- **EXERCISE GOAL**
With the pictures left aside, write out exactly the lines of the listing below from the line with "Hello, my name" to the line with "Fashioned by a", both included, and only those.
════
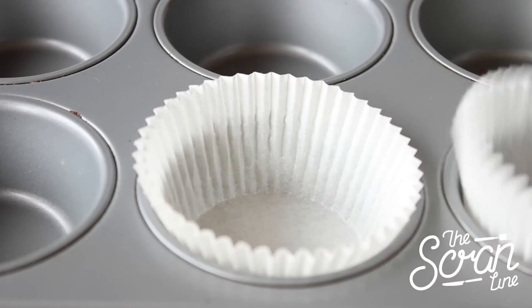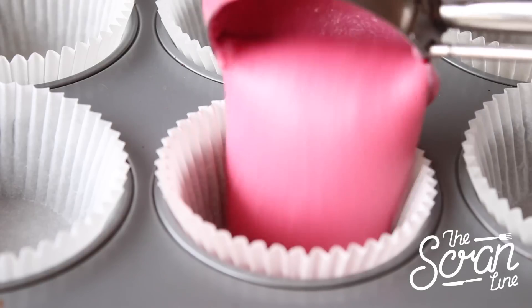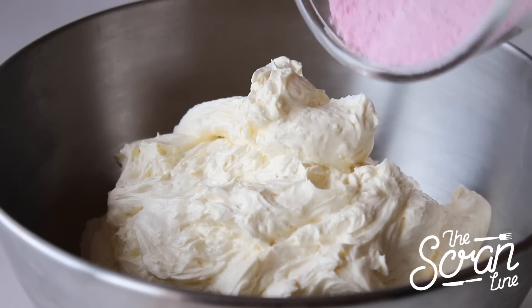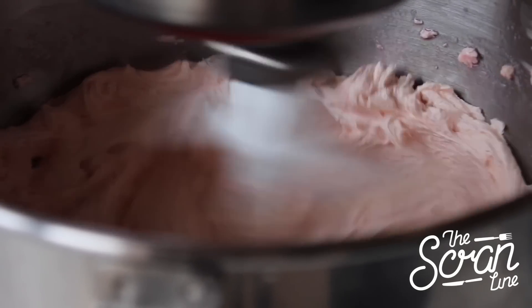Use an ice cream scoop to scoop your batter into your cupcake papers, filling them about three-quarters of the way. Pop them in the oven for 30 minutes or until a skewer comes out nice and clean. While those are baking, let them cool down completely before you prepare your frosting.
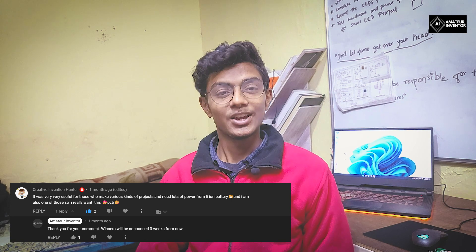So the first one to win the giveaway is, drumroll please, Creative Hunter — congratulations! And the second one to win the giveaway is UK's Arial. Congratulations to both of you.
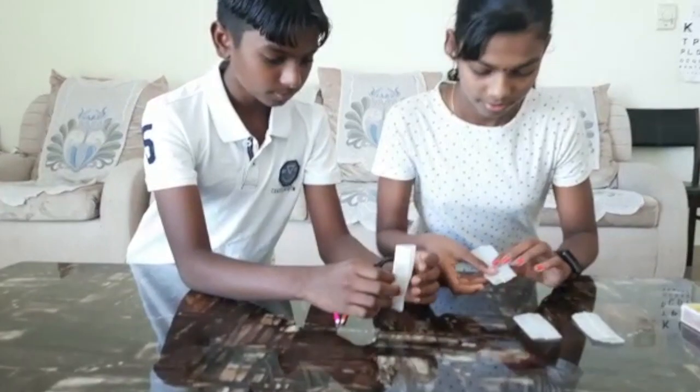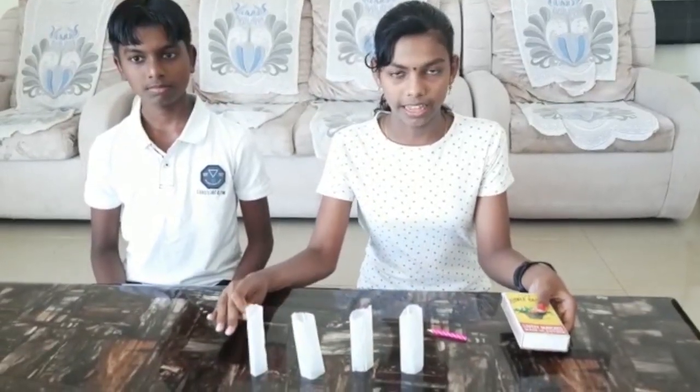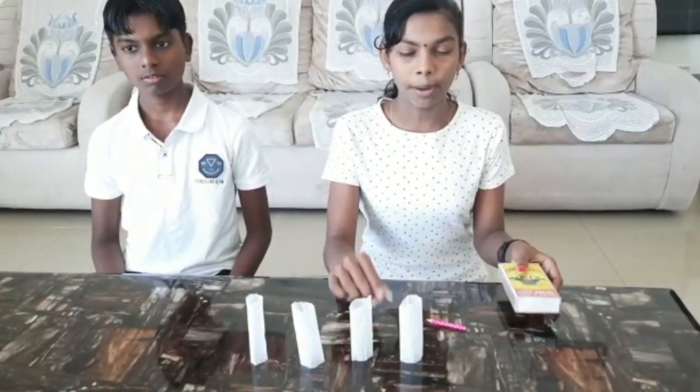Here we have opened and unfolded the tea bags. Now we will place them over here, like this. After arranging the tea bags like this, we are going to light the empty tea bags.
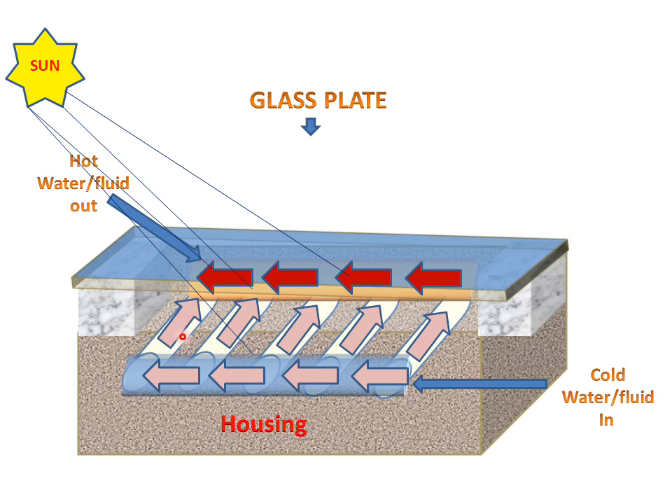So these pipes, glass plate, housing, and supports give us hot water or hot fluid. This flat plate collector is used for increasing the temperature from about 60 degrees Celsius to 100 degrees Celsius. This is the working of the flat plate collector. Thank you.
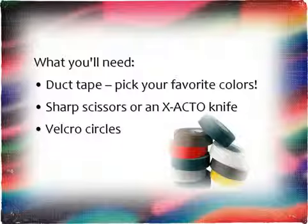What you'll need: duct tape — pick your favorite colors — sharp scissors or an X-Acto knife, and some Velcro circles.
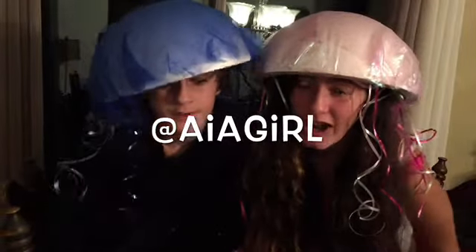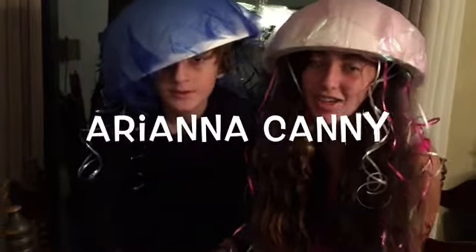If you guys did like this video, please give it a thumbs up and click on my brother's face if you want to subscribe. Also, if you recreate this costume, please send me a picture on my Instagram — AIAGIRL — or my Twitter, ArianaCanny. There are links below. Leave requests in the comments and I'll be sure to check those out. Hope you guys have a lovely haunted weekend and I'll see you later!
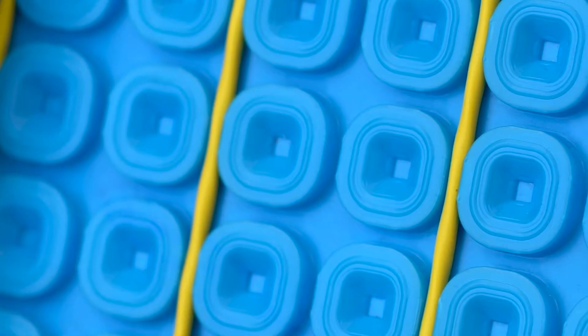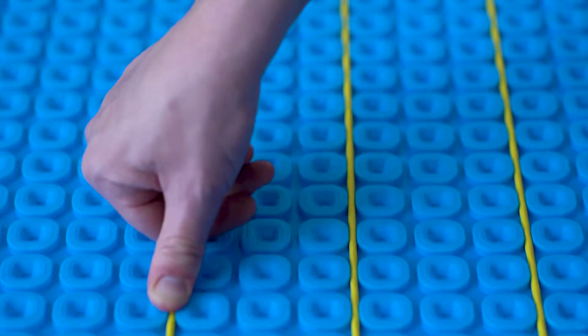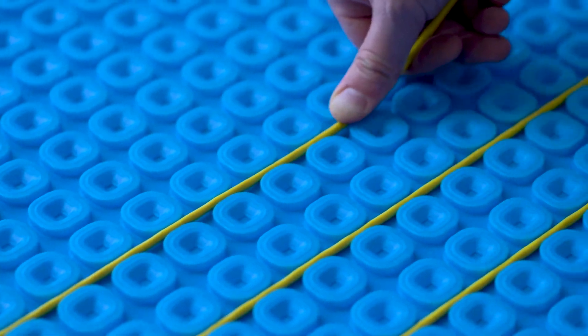The membrane is designed to hold Thermosphere heating cables at variable spacing depending on the output you require. For example, 3 dimples for an output of 130 W/m² and 2 dimples for an output of 195 W/m². The membrane acts as an uncoupling layer which minimises the risk of tile delamination and cracking, and also allows you to save time by tiling over a concrete substrate which is not yet fully cured. This is because the studs and fleece backing allow water to escape effectively.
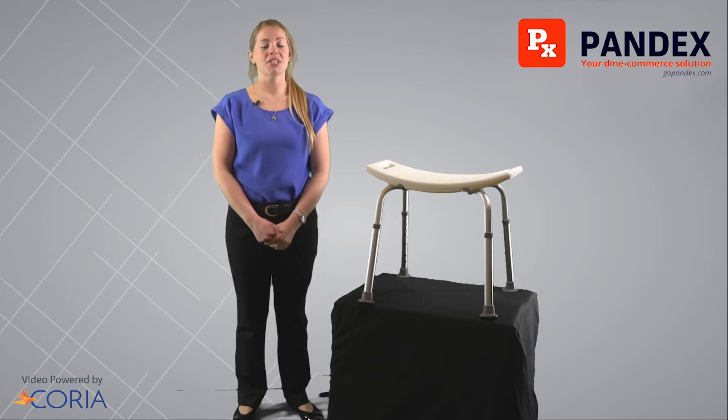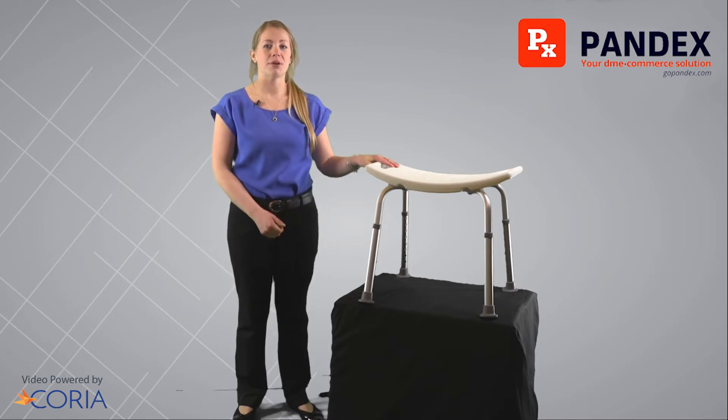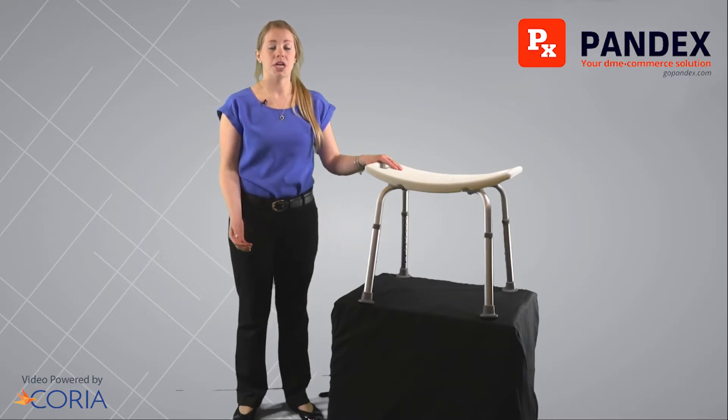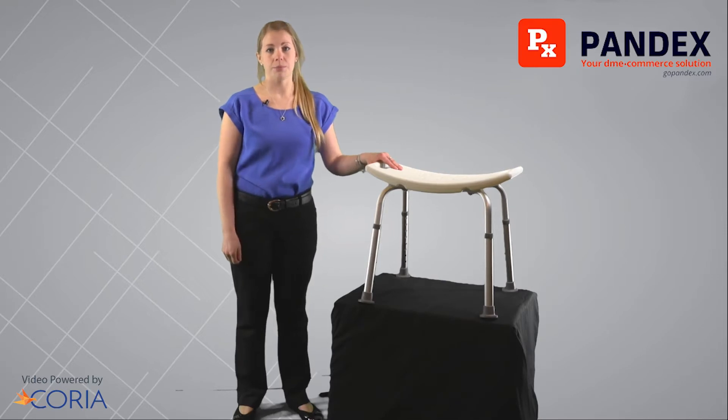Hello, my name is Diana and welcome to today's Pandex video on the shower chair. The shower chair can come with or without a back and is a great portable chair to use in your shower or your tub.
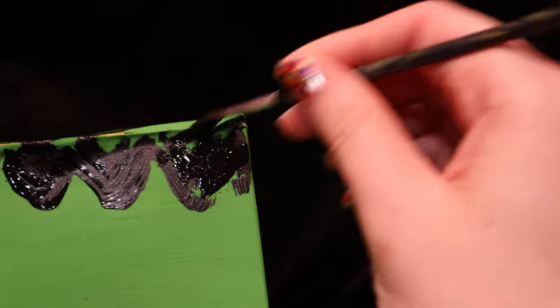Keep going until you get the hair to where you like it, or if you want to add some more. Now the paper comes into play.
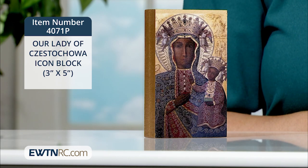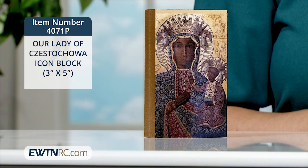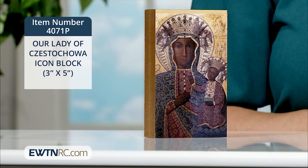Fashioned by a dedicated team of skilled woodworkers and graphic restoration artists, these icons have a medieval weathered look produced through a complex process of machining and digital printing.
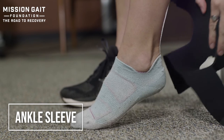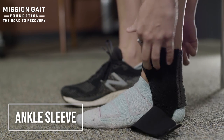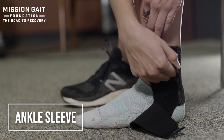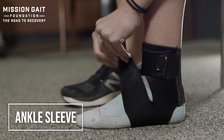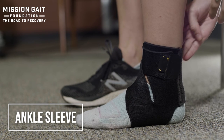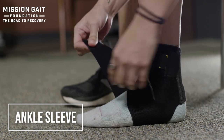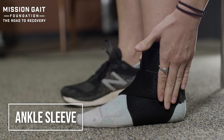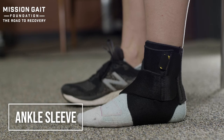The ankle sleeve can either be slip-on or like this one, a Velcro closure. It's elastic material that wraps around and can Velcro or slip into position to create compression, warmth, and some proprioceptive reminder. Taking the time to get everything comfortable, pulling it all the way around and covering all the skin creates good compression to help support that ankle. From a sleeve standpoint, this won't prevent ankle sprains — it just gives compression.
════
- **THE COMPLETED TASK**
Hello, my name is Diana and welcome to today's Pandex video on the shower chair. The shower chair can come with or without a back and is a great portable chair to use in your shower or your tub.
Keep going until you get the hair to where you like it, or if you want to add some more. Now the paper comes into play.
Fashioned by a dedicated team of skilled woodworkers and graphic restoration artists, these icons have a medieval weathered look produced through a complex process of machining and digital printing.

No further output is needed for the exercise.